| WHAT YOU WILL DO |
Since the listing below shows pictures, leave them out and write out exactly the lines from the line with "The nitinol was" to the line with "Hi, my name", both included, and no others.

| RECORDED DATA |
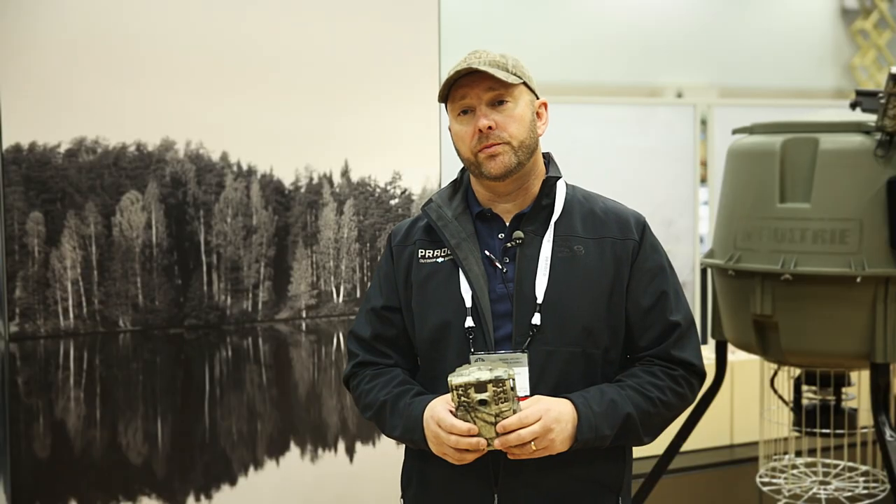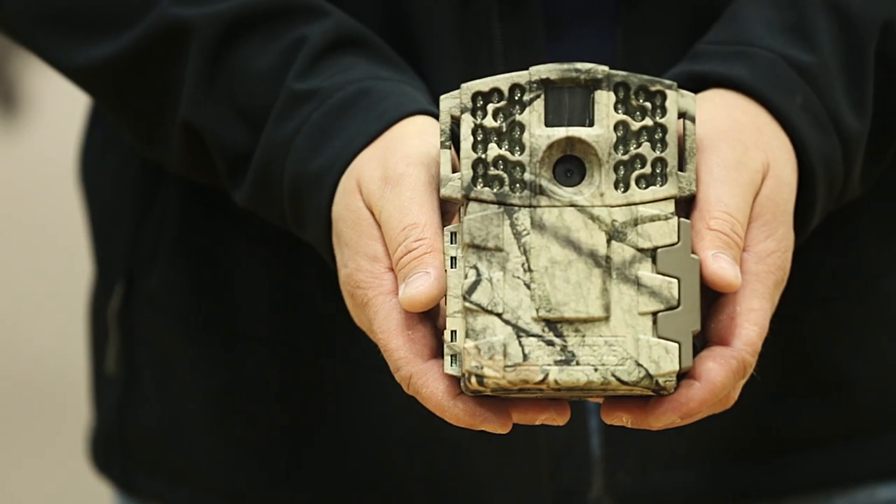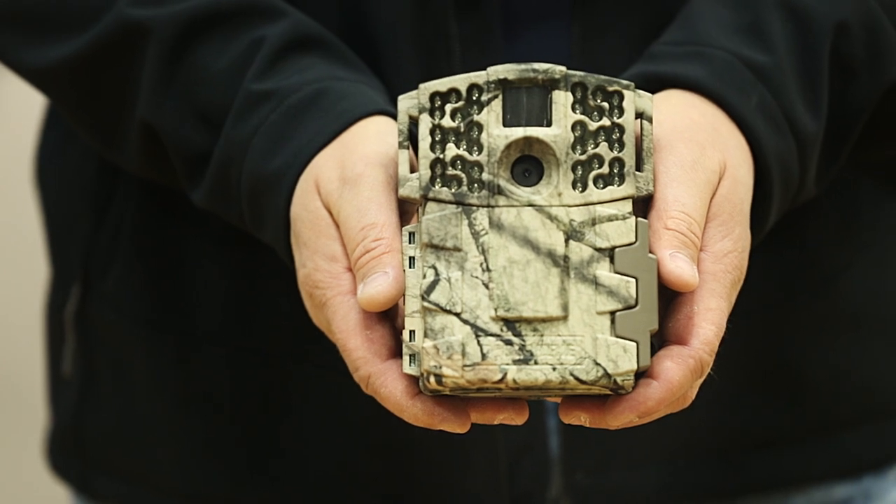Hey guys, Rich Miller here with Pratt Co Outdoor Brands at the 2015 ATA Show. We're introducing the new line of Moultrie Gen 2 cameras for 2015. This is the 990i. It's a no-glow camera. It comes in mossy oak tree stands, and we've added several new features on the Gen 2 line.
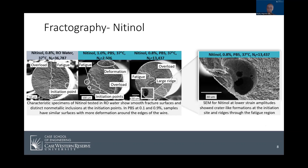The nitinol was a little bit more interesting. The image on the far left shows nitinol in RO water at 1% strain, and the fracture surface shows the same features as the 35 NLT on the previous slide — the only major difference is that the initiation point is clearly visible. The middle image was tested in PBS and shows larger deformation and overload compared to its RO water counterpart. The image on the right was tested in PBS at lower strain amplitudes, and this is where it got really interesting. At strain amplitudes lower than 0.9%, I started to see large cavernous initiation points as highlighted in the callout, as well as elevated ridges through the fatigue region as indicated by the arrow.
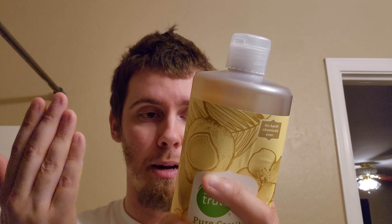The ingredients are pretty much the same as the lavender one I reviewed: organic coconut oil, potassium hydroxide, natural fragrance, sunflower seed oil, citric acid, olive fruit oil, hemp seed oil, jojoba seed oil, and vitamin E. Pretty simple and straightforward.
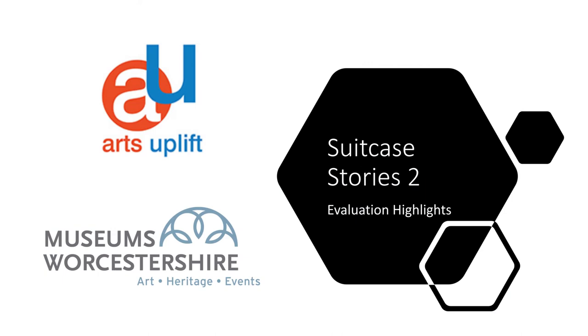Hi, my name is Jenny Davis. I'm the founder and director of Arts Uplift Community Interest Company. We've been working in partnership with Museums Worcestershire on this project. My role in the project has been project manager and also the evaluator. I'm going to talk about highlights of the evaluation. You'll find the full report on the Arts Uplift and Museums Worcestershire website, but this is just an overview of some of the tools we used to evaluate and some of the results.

...

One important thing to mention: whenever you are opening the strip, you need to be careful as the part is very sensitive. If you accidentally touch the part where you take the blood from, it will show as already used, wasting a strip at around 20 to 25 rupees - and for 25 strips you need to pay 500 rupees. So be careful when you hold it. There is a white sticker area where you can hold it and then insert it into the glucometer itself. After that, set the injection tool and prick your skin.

* * *

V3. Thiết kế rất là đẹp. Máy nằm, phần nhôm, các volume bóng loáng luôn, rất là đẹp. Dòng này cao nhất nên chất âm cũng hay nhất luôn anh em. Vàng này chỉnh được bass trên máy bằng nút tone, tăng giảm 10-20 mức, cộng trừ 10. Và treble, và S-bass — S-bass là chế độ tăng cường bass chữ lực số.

| EXERCISE RESULT |
The nitinol was a little bit more interesting. The image on the far left shows nitinol in RO water at 1% strain, and the fracture surface shows the same features as the 35 NLT on the previous slide — the only major difference is that the initiation point is clearly visible. The middle image was tested in PBS and shows larger deformation and overload compared to its RO water counterpart. The image on the right was tested in PBS at lower strain amplitudes, and this is where it got really interesting. At strain amplitudes lower than 0.9%, I started to see large cavernous initiation points as highlighted in the callout, as well as elevated ridges through the fatigue region as indicated by the arrow.
The ingredients are pretty much the same as the lavender one I reviewed: organic coconut oil, potassium hydroxide, natural fragrance, sunflower seed oil, citric acid, olive fruit oil, hemp seed oil, jojoba seed oil, and vitamin E. Pretty simple and straightforward.
Hi, my name is Jenny Davis. I'm the founder and director of Arts Uplift Community Interest Company. We've been working in partnership with Museums Worcestershire on this project. My role in the project has been project manager and also the evaluator. I'm going to talk about highlights of the evaluation. You'll find the full report on the Arts Uplift and Museums Worcestershire website, but this is just an overview of some of the tools we used to evaluate and some of the results.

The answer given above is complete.